Drive All Yearning Into One

I hear an inner voice call, a variation on a Lojong Tibetan Buddhist mantra - “Drive all blame into one.” It echoes the Zohar’s (Book of Radiance, Medival Jewish mystical book) experience of Aalin b’khad tiuvtah, Aramaric for “entering through one desire,” funneling the seventy sefirotic (Kabbalist universal emanations) arms into one.

Sifting through all of it, finding the thread of each moment of grief, each outrage, each confusion, yearning, following it not to completion of reclamation of an idea, ‘Now I am one with my ancestors! Now I remember my mother well!’, ‘THIS is what it means to be A —,’ but reclamation of Presence, itself.

The Hebrew word Barur / ברור comes from the root for sifting through, clarity through discernment. Through the twisting valleys of my identities, towards This.
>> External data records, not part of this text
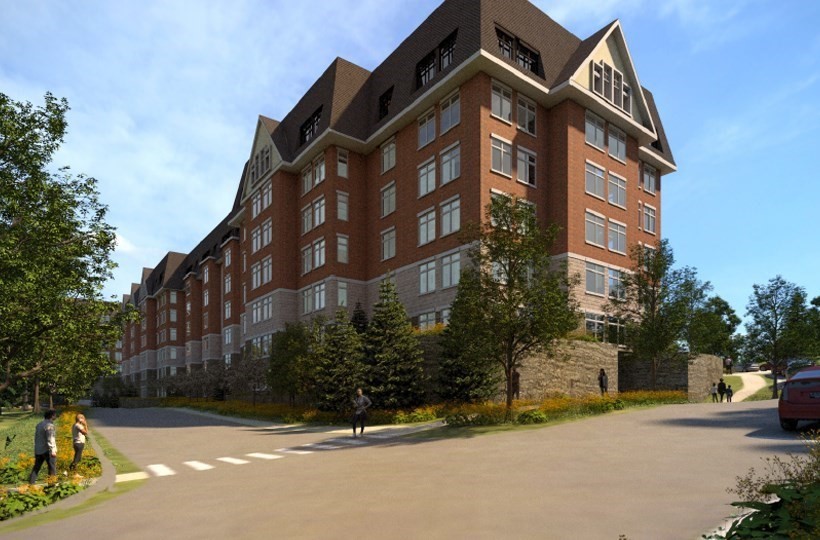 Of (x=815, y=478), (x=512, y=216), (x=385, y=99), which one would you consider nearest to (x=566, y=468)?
(x=815, y=478)

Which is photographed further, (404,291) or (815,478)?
(404,291)

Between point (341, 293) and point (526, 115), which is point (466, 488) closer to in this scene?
point (526, 115)

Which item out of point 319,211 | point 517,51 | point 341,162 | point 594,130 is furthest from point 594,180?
point 319,211

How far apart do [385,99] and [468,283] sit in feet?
73.0

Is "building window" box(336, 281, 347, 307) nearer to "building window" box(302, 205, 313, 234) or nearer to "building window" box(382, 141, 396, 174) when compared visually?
"building window" box(302, 205, 313, 234)

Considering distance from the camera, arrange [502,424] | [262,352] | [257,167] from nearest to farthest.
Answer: [502,424], [262,352], [257,167]

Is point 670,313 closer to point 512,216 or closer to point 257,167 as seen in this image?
point 512,216

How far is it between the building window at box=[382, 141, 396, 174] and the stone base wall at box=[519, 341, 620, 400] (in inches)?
657

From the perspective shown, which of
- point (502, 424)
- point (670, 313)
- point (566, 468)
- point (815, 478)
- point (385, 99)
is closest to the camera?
point (815, 478)

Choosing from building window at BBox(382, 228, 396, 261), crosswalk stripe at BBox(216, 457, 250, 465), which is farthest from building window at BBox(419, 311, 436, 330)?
crosswalk stripe at BBox(216, 457, 250, 465)

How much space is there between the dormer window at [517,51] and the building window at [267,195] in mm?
22273

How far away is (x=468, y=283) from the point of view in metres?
22.0

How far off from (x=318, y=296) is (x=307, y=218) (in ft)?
21.3

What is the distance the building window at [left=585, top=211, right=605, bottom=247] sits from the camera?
3520 centimetres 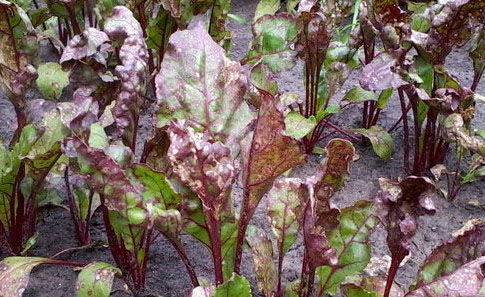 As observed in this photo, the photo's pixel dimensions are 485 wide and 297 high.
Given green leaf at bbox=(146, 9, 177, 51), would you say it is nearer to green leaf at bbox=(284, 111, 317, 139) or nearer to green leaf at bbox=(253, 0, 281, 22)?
green leaf at bbox=(284, 111, 317, 139)

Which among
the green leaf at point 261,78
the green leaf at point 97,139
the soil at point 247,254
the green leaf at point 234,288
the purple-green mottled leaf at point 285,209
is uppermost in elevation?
the green leaf at point 261,78

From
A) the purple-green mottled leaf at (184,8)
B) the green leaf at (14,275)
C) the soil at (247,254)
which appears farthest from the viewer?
the purple-green mottled leaf at (184,8)

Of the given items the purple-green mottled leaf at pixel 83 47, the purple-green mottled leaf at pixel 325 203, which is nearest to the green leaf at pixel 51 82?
the purple-green mottled leaf at pixel 83 47

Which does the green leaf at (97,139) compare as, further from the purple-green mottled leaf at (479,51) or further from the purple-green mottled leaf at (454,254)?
the purple-green mottled leaf at (479,51)

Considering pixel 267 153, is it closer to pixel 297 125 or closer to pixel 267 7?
pixel 297 125

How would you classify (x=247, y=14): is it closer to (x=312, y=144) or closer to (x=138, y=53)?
(x=312, y=144)


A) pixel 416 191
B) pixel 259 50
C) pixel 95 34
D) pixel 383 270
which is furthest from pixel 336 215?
pixel 259 50
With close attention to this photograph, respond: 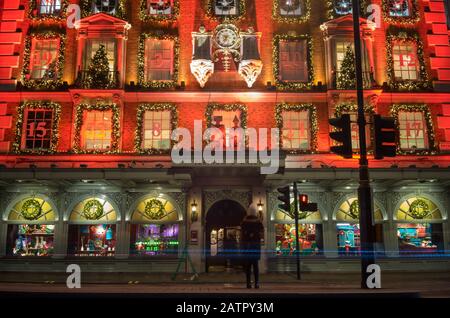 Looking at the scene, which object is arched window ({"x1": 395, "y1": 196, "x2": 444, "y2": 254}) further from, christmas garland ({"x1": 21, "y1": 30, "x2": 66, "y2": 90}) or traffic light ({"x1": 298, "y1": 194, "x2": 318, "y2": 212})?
christmas garland ({"x1": 21, "y1": 30, "x2": 66, "y2": 90})

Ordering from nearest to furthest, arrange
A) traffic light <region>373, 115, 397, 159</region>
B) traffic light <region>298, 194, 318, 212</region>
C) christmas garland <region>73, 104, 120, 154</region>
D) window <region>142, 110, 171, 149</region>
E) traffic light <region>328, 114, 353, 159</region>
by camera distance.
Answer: traffic light <region>373, 115, 397, 159</region>, traffic light <region>328, 114, 353, 159</region>, traffic light <region>298, 194, 318, 212</region>, christmas garland <region>73, 104, 120, 154</region>, window <region>142, 110, 171, 149</region>

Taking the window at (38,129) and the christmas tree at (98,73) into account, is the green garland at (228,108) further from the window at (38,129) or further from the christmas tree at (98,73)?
the window at (38,129)

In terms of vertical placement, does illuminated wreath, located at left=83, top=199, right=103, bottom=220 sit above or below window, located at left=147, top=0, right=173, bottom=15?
below

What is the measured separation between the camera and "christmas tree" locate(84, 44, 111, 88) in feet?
70.6

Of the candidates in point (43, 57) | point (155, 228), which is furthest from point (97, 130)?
point (155, 228)

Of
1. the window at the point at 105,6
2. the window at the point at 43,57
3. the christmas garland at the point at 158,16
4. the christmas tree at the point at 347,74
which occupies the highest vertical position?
the window at the point at 105,6

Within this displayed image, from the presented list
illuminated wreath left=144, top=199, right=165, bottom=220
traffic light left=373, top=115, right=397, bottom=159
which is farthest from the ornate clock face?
traffic light left=373, top=115, right=397, bottom=159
Reclamation and Remembrance rub with the notion of time. Lucidity within Remembrance reveals a different kind of time. Deep time, a geological term used to describe the eons it takes natural forces to create mountains and oceans, here used not (only) for the far reaches of the past and future, but a vertical deep time, the folding of all past present and future epochs into this. My cantorial teacher Hazzan Jack Kessler introduced me to Deep Time, and to how prayer is designed to open portals of such altered states of consciousness. (Mental note: Asha”n, Olam, Shana, Nefesh - Shana as deep time.)

Ancestral:Emergent

What is it like for me to shift from reclaiming, to nurturing grief - the emotional energetic charge of yearning - in the present moment - not trying to recreate a past horizon that is always receding away from me, but to bear witness to grief and yearning, now, in whatever form it appears in my body and mind, and nurse that. I call this quality of reality the ancestral:emergent. Neither an archaic ancestral (expressing over-identification, trauma), nor a detached emergent (also known as spiritual bypassing, a stoic “Now.”) - but an unfolding, allowing for new forms to rise from infinite porous reality, blockages released, passing gracefully through the risk of ossifying 'old ways, forever.’

What is it like to live on this edge of this ancestral:emergent, aware of the dream, the yearning for a past and a future shaped by ancestral tendril, and engage that with a radical faith, practice, and experience of Presence? There are no maps to how this unfolds. There is no more allegiance to a shadowy-ellusive past. There, freedom.

Bringing to mind, in this deep time, the forever-lost face of the woman who gifted these candlesticks to my mother, little al-Souwi held by his own mother in a brick home in Qaulailya’s hills, children on bus 50, Israeli Rabbinic Politician pummeling a controversial (old) Jewish-law rule, grey shtetls in Poland & Hungary, mountains rising, oceans openings. Beresheit / Genesis. End of time. This.

What would deep time do to the fires taking Israel’s warring between secular and religious, Israelis and Palestinians, Mizrachi and Ashkenazi do? Messy, chaotic, raw and real, yet lucid, present - where grief can manifest, be loved in the fire of yearning — Grief for all those we lost and will lose. But more fundamentally, the grief of the separation from deep time, Presence, itself?

Every following day during my father’s visit, whenever I came to visit him for dinner at his Airbnb, he would ask me if I wanted to light candles and I’ll say “Aba, ze lo shabbat,” it’s not shabbat, and he’d say with eager eyes and a smile it doesn’t matter we can always light shabbat candles, and I’d say, yeah that’s right, that’s right, we can always light shabbat candles. Barur.